The History of CMARC
The Central Michigan Amateur Radio Club is not just another Ham Club.
In fact, CMARC has been responsible for some ground breaking things in
our great Hobby and we are pleased to share the story with you. With
the help of former club President and long time CMARC member, Currin
Skutt, W8FSZ(SK), as well as many of those involved in the club from
years past, we hope this historical perspective is informative and
The roots of the Central Michigan Amateur Radio Club can be traced back to as early as September of 1921, when 16 Amateur Radio Operators met for the first time. From this meeting, came the formation of an informal group known as “The Central Michigan Wireless Association”. The next mention of the CMWA is around 1932, when still more informal get-togethers were held. In fact, it was not until 1946 that the club members got organized and became affiliated with the Amateur Radio Relay League. At the time, members met at Cedar Street Center, located at 429 North Cedar in Lansing.
Following the end of World War 2, somewhere between 1946 and 1947, the club began meeting at the Lansing Dairy Company and then, in 1948 held it's meetings at the Hayford Street Fire Station.
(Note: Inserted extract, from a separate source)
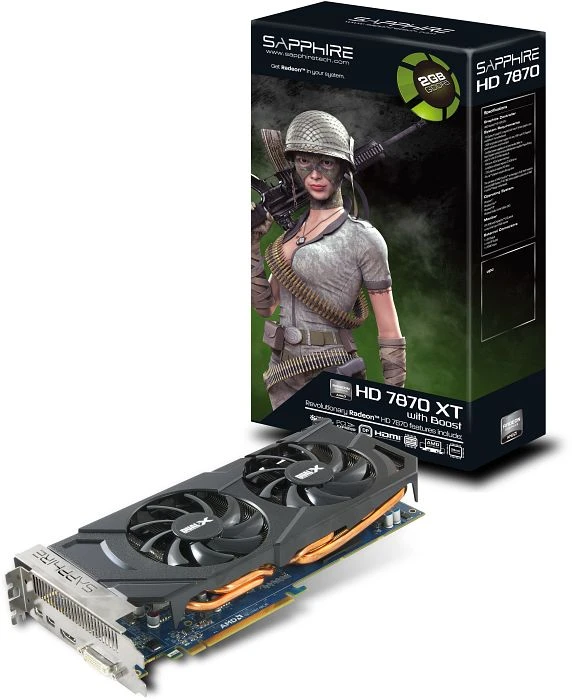 Sapphire Radeon HD 7870 XT Boost, 2GB GDDR5, DVI, HDMI, 2x mDP, lite retail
The station, located at the corner of Michigan and Hayford, in Lansing, offered a room in the basement for the club to conduct its monthly meetings.
Around 1952, according to former President Currin Skutt W8FSZ, the Central Michigan Amateur Radio Club secured its club callsign, W8MAA. Another item of note, for which members of CMARC were directly responsible, included Amateur Call Plates. These were yet another challenge to the Ham community and CMARC members rose to the call. As Currin tells it, there were Call Plates in the late 20's or early 30's, but the State Police claimed it “loused up their record keeping”, and the end was pronounced upon the early predecessors. According to Skutt, Cosmo Calkins, W8MAA, was a “Senate Technician”. “If you needed pens, or paper”, said Skutt, “you called on Cosmo.” And, as time passed, Calkins developed a good rapport with Senators and even had some favors to call in. It was this edge that proved fruitful for Cosmo in his endeavor to make Amateur Call Plates a reality once again.
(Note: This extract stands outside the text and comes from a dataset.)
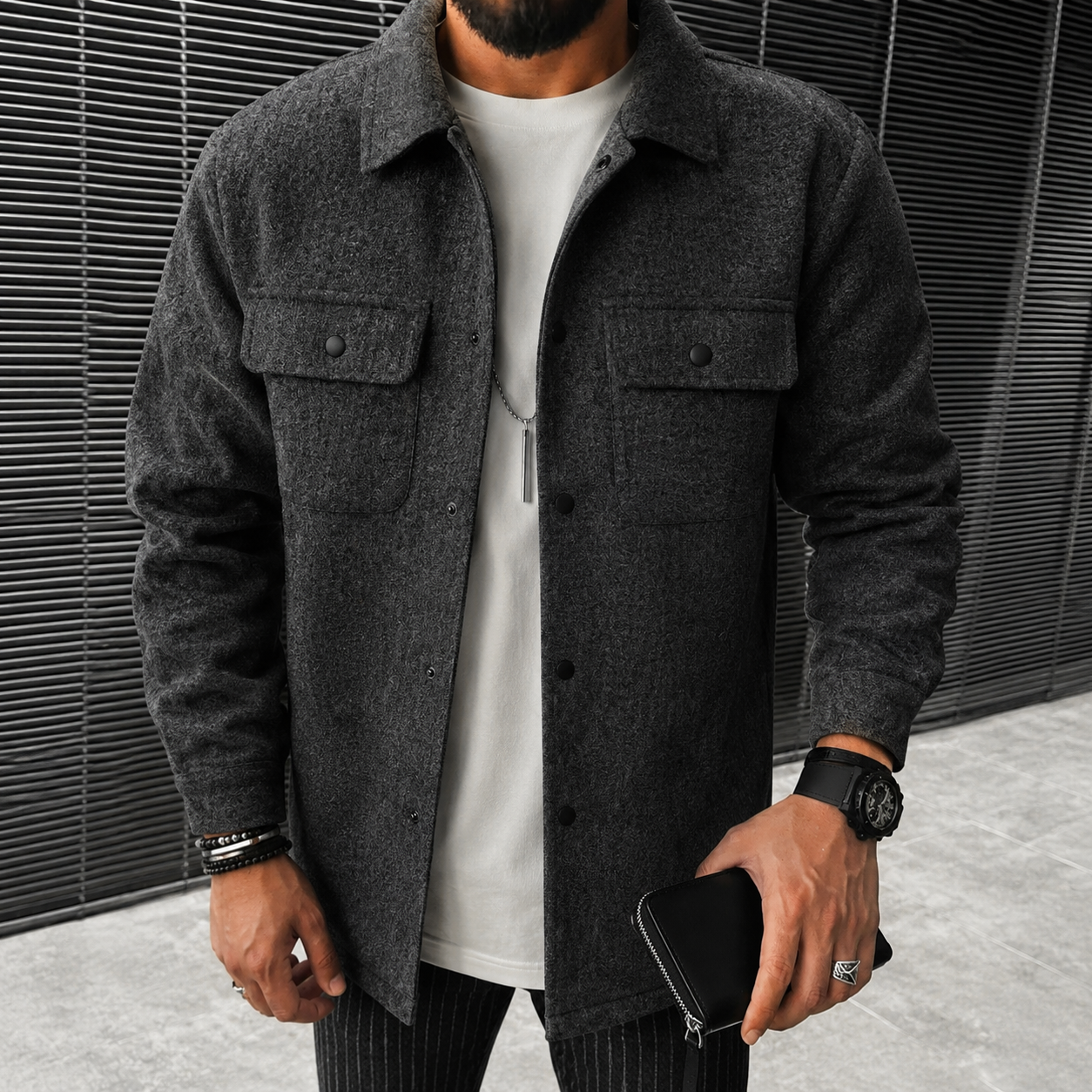 Finn - Legeres Herren-Overshirt mit Knöpfen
Well, the Bill was written and introduced into the House, where it was promptly sent into committee and stalled there. It seemed, according to Currin, that Politics were getting in the way. But upon chatting with a friend in southern Lower Michigan, he was told it would be remedied. Within a brief few days, the Bill was back out of committee, awaiting a vote. Now, the challenge was to impress Senators with the importance of Amateur Radio in the community. It had been believed this was mere “child's play” for adults, and the true value of Amateur Radio in a disaster (for passing health and welfare traffic) was largely unknown.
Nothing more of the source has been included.